Wireva

« My Undesirable Friends » : la suite du documentaire sur la liberté de la presse en Russie présentée à Venise

La réalisatrice Julia Loktev présente à Venise la suite de son documentaire « My Undesirable Friends », qui retrace la répression des médias indépendants en Russie. Elle y voit un avertissement pour les démocraties occidentales.

La réalisatrice Julia Loktev a présenté hors compétition, dans la section Venice Open de la Mostra de Venise, la suite de son documentaire « My Undesirable Friends », consacré à la mort de la liberté de la presse en Russie. Après une première partie saluée par l’industrie et présélectionnée aux Oscars, ce nouvel opus poursuit le récit des derniers souffles du journalisme indépendant sous le régime de Vladimir Poutine.

Le premier volet, intitulé « Part 1 — Last Air In Moscow », avait été tourné en temps réel, captant les ultimes moments de respiration d’une presse libre avant son étouffement systématique. La suite, dont les détails de production restent encore largement confidentiels, semble élargir la focale : la cinéaste y établit un parallèle explicite entre la répression russe et les menaces qui pèsent sur les médias aux États-Unis.

Dans ses déclarations rapportées depuis Venise, Julia Loktev estime que la stratégie du Kremlin contre les journalistes indépendants constitue un « avertissement » pour les démocraties occidentales. La réalisatrice, qui a elle-même dû quitter la Russie, documente depuis l’exil les mécanismes de censure, les procès intentés aux correspondants étrangers et la criminalisation progressive de l’information non contrôlée par l’État.

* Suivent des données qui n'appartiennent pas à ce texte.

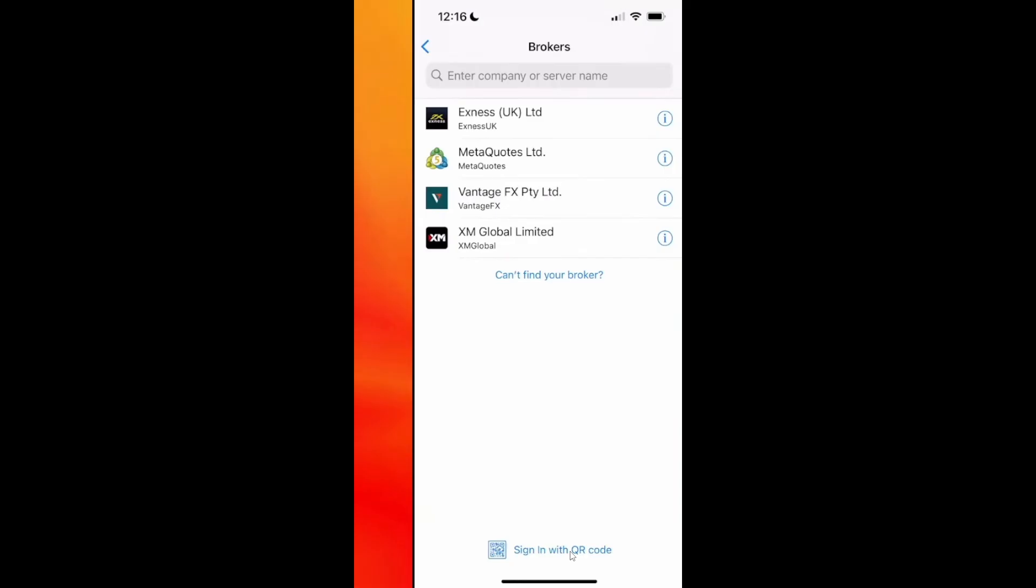If you still can't find Binance or use the QR code, it might not be supported in your region yet. Try checking Binance support or look for third-party broker widgets that connect Binance with MT5, like MT proxy tools or Forex brokers that support Binance assets.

Le film s’inscrit dans une actualité brûlante : plusieurs médias russes indépendants ont été contraints de cesser leurs activités ou de transférer leurs rédactions à l’étranger depuis le début de la guerre en Ukraine. Les correspondants de presse encore présents à Moscou opèrent sous une pression constante, entre lois restrictives sur les « fausses informations » et poursuites pénales pour « discrédit » des forces armées.

Le choix de Venise pour cette première mondiale n’est pas anodin. La Mostra, qui a toujours accordé une place importante au cinéma politique et engagé, offre une vitrine internationale à un documentaire dont le propos dépasse largement le cadre russe. Julia Loktev y voit un espace de dialogue nécessaire sur la fragilité des institutions démocratiques et le rôle crucial d’une presse indépendante.

La réalisatrice, connue pour son approche immersive et son refus des compromis formels, a construit son œuvre comme un témoignage à la première personne. Elle mêle images d’archives, séquences filmées clandestinement et entretiens avec des journalistes russes contraints à l’exil ou au silence. Le résultat, selon les premiers échos de la Mostra, serait d’une intensité rare, prolongeant la tension narrative du premier volet tout en ouvrant des perspectives plus larges sur l’avenir du journalisme.

Cette présentation vénitienne intervient alors que le débat sur la protection des sources et l’indépendance éditoriale connaît un regain d’actualité dans plusieurs pays occidentaux. Pour Julia Loktev, la situation russe ne doit pas être perçue comme une exception, mais comme un cas d’école des méthodes autoritaires qui pourraient, sous d’autres formes, s’exporter ailleurs.

Le documentaire n’a pas encore de date de sortie commerciale annoncée, mais sa présence à Venise devrait lui ouvrir les portes des festivals d’automne et d’un circuit de distribution international. La présélection aux Oscars du premier volet avait déjà démontré l’intérêt du public et des professionnels pour ce travail de mémoire et de résistance.